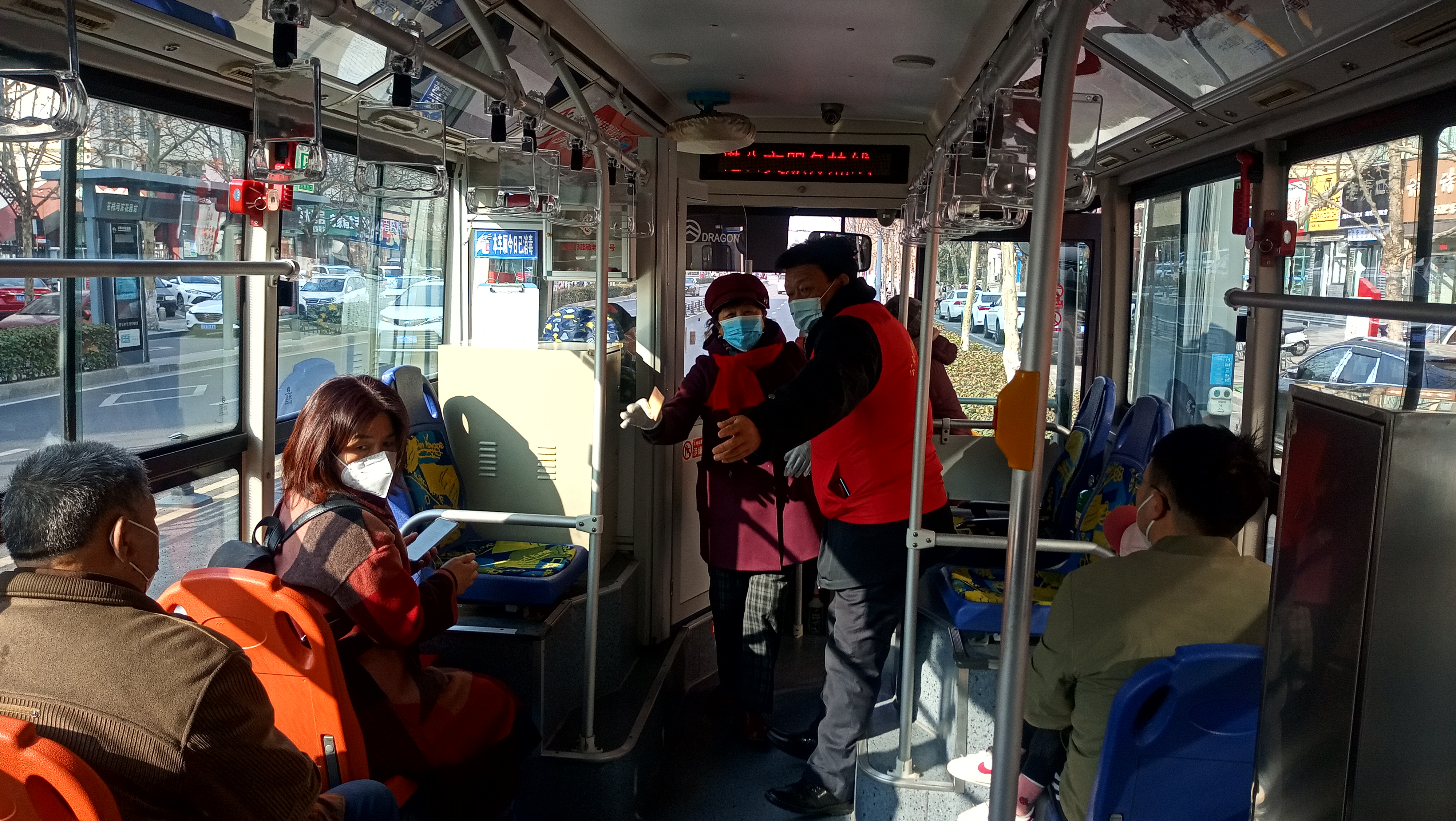 公交集團(tuán)公交事業(yè)一部開(kāi)展“與雷鋒車(chē)同行?文明實(shí)踐暖新春”志愿服務(wù)活動(dòng)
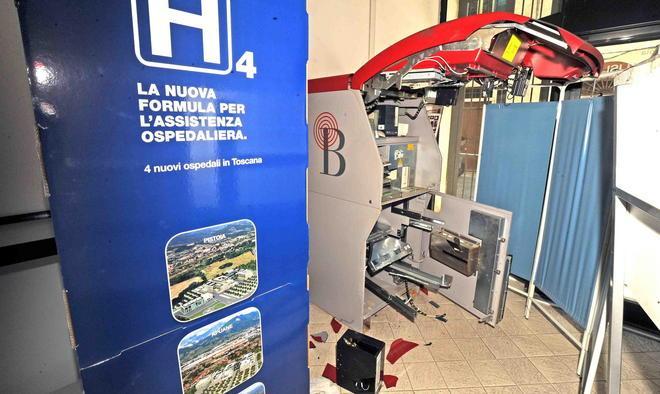 Forzano a picconate il punto-ticket dell’Asl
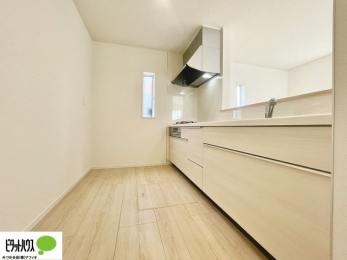 �L�b�`���@�l�C�̃J�E���^�[�L�b�`������́A���r���O�ɂ��邲�Ƒ��̗l�q���f���܂�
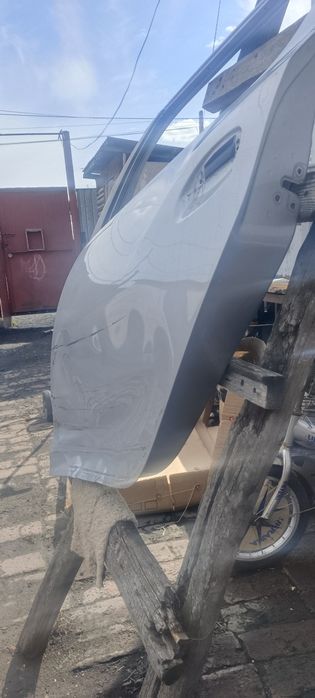 Дверь Рено Сандеро степвэй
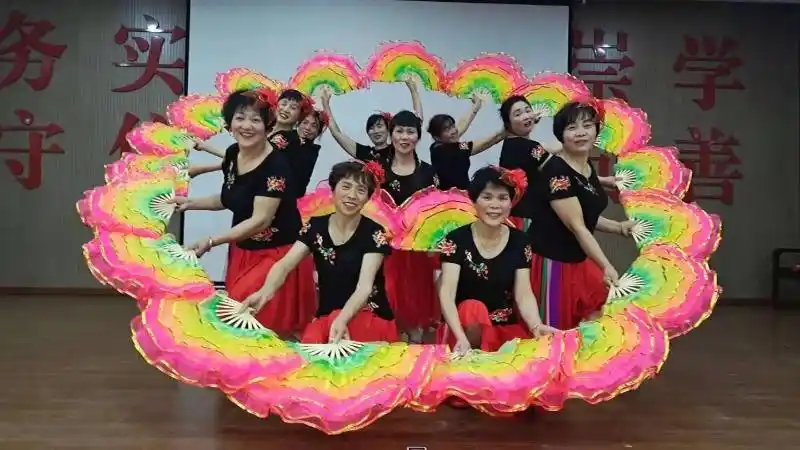 杭州花儿广场舞《吉祥中国年》扇子队形舞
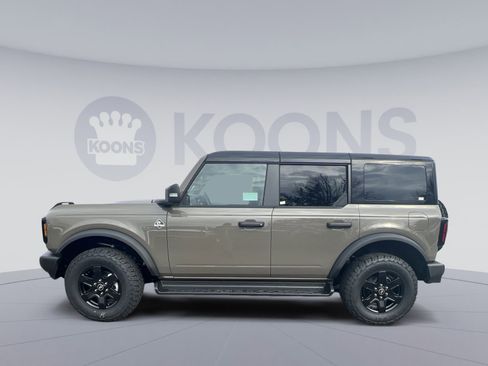 New 2025 Ford Bronco Outer Banks image 2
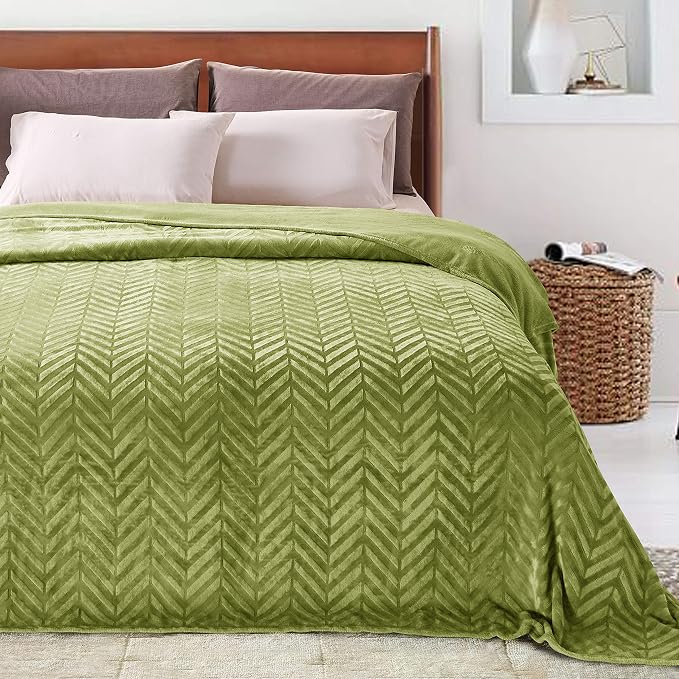 Whale Flotilla Flannel Fleece Fall Bed Blanket Queen Size, Olive Green | Lightweight Breathable Soft Bedspread, Plush Fluffy Coverlet Chevron Design Decorative Blanket for Home Life, 90x90 Inch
++++++++++
Exercise brief:
All that is needed here is the run of lines from the one containing "Forzano a picconate il punto-ticket dell’Asl" through the end of the material above, reproduced exactly and without pictures.

Exercise solution:
 Forzano a picconate il punto-ticket dell’Asl
 �L�b�`���@�l�C�̃J�E���^�[�L�b�`������́A���r���O�ɂ��邲�Ƒ��̗l�q���f���܂�
 Дверь Рено Сандеро степвэй
 杭州花儿广场舞《吉祥中国年》扇子队形舞
 New 2025 Ford Bronco Outer Banks image 2
 Whale Flotilla Flannel Fleece Fall Bed Blanket Queen Size, Olive Green | Lightweight Breathable Soft Bedspread, Plush Fluffy Coverlet Chevron Design Decorative Blanket for Home Life, 90x90 Inch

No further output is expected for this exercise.